悠仁さんの成人会見は秋篠宮家の数々の危機をいっぺんに救った
【週刊誌からみた「ニッポンの後退」】
秋篠宮悠仁(ひさひと)さんの成年会見には秋篠宮家の命運がかかっていた。
長女・眞子さんの「皇室としては類例を見ない結婚」(秋篠宮)から始まった秋篠宮家バッシングは、母親・紀子さんの従業員たちに対する厳しい接し方が「ご難場」と揶揄され、邸の改修費用が、当初予算から大幅に増額され50億円にもなったのに、次女の佳子さんが別居生活というのはおかしいではないかと、SNS上では読むに堪えない悪口が飛び交った。
皇位継承順位は秋篠宮に次ぐ2位の長男・悠仁さんについても、文学賞に入賞した作文が“盗作”ではないかと報じられたこともあった。
筑波大学付属高校に入学してからも、「紀子さんは息子を東大に推薦入学させ、初の東大卒の天皇にする」という“物語”が週刊誌を中心に流布され、昨夏、東大入学反対の署名運動まで起こった。一部週刊誌では、悠仁さんの学力は東大に推薦入学できるほどのレベルではないという“臆測”報道もあった。

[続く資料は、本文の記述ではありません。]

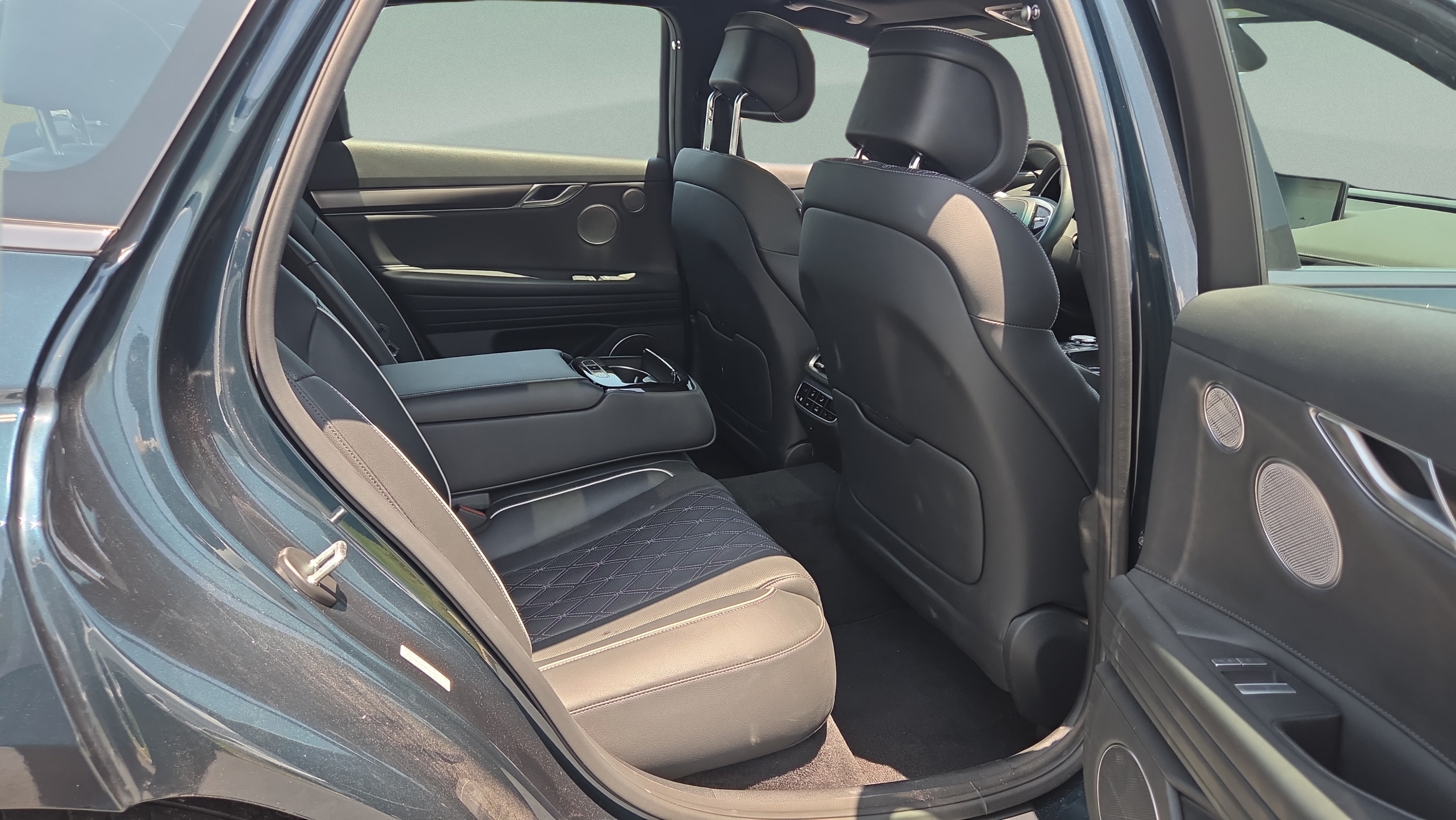 Used 2024 Genesis G80 2.5T w/ Sport Prestige Package AWD/4WD image 15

また、悠仁さんには「帝王教育」がなされていないのではないか。天皇の長女・愛子さんこそ天皇にふさわしいのではないかという国民の声も次第に大きくなっている。
愛子さん人気が沸騰したのは彼女が20歳の時の成年会見だった。何も見ずに堂々と記者たちの前で話し、母親の雅子さんが出産直後、「生まれてきてくれてありがとう」といった言葉を引用し、「私からは生んでくれてありがとう」と言いたいと話し、多くの国民の心を捉えたのである。
しかも、悠仁さんはまだ18歳。最近は一人で伊勢神宮などに参拝しているとはいえ、常に両親の陰に隠れている印象があり、彼の肉声はあまり伝わってこなかった。トンボなど昆虫への造詣は深いようだが、人間に対する興味は薄いような印象がある。生身の人間、それも皇室担当記者という猛者たちがズラリと並ぶテレビカメラの前で、親の助けも借りずに一人で会見をこなせるのだろうか。

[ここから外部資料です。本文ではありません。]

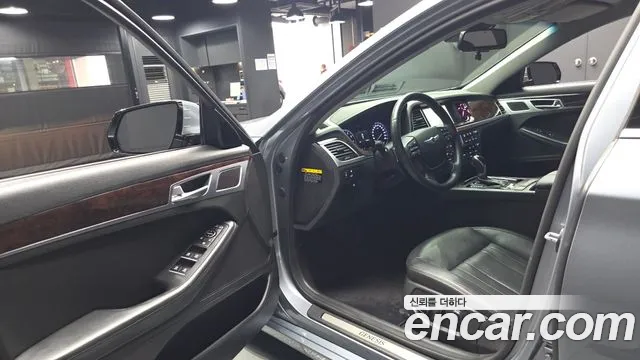 Hyundai Genesis 2015 thumb 10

この会見が不評に終われば、秋篠宮家のさらなる地盤沈下は避けられない。秋篠宮家にとってこの会見はまさに「我が家の興廃この一戦にあり」だったのだ。
私も自分の孫を心配するジジイの心境だった。
だが、テレビで悠仁さんを一目見て、そんなもろもろは杞憂に終わったと思った。少し緊張しているのはテレビからも見て取れたが、意外といっては失礼だが、口調に震えはなく、メモも何も見ずに、目線は常にすべての記者たちに流しながら、はっきりと答える姿には“ある種の感動”を禁じ得なかった。

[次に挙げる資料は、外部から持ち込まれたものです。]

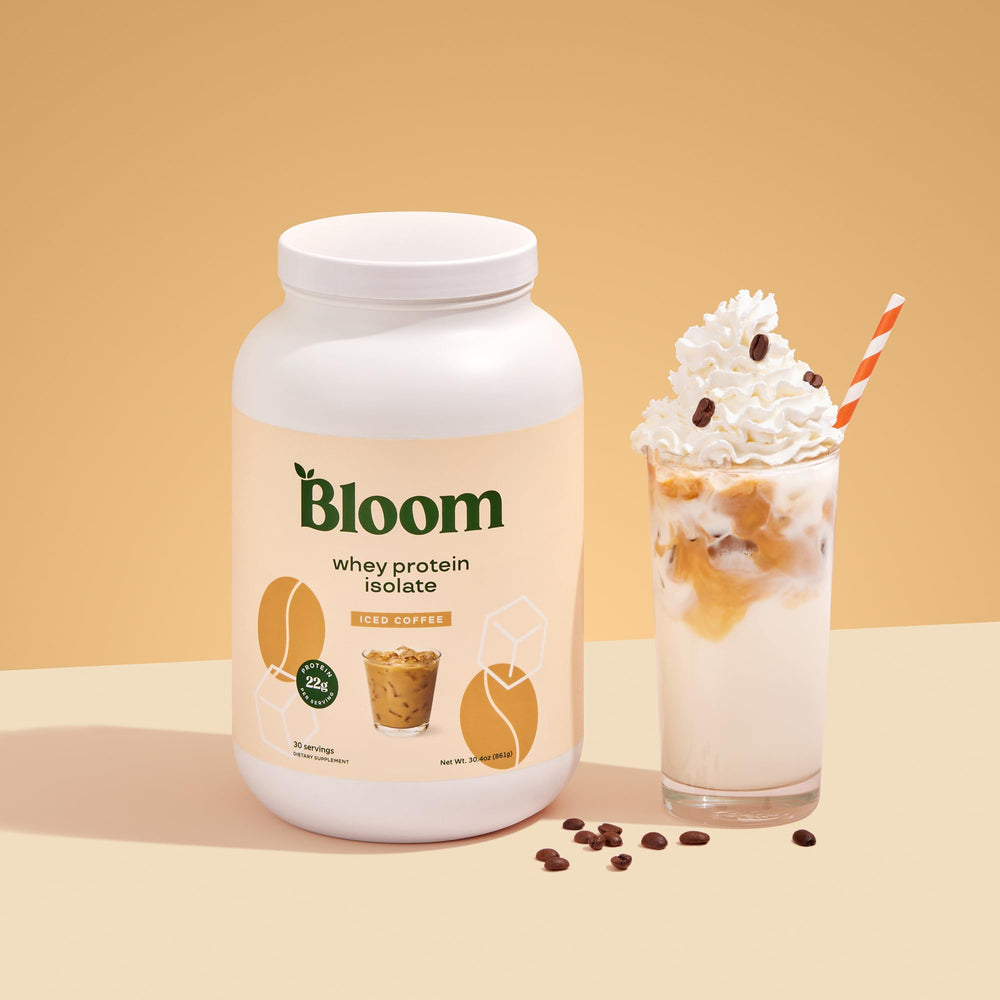 Bloom Nutrition label close-up shows zero sugar and digestive enzymes.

皇室のあり方については、「天皇陛下のお考えのもと、人々の暮らしや社会の状況に目を向け続けていくことが重要であると思います」と、そつなく答えた。結婚や理想の女性像については、「まだそのようなことを考えたことはない」と答えるにとどめた。
父親・秋篠宮の「導火線の短さ(短気)」について話が及ぶと、「以前よりは幾分か丸くなった」と笑いをとる場面もあった。
愛子さんのような「名言」はなかったが、18歳の青年らしい好感度と、将来の天皇になる片鱗が垣間見えた、爽やかな初会見だったと思う。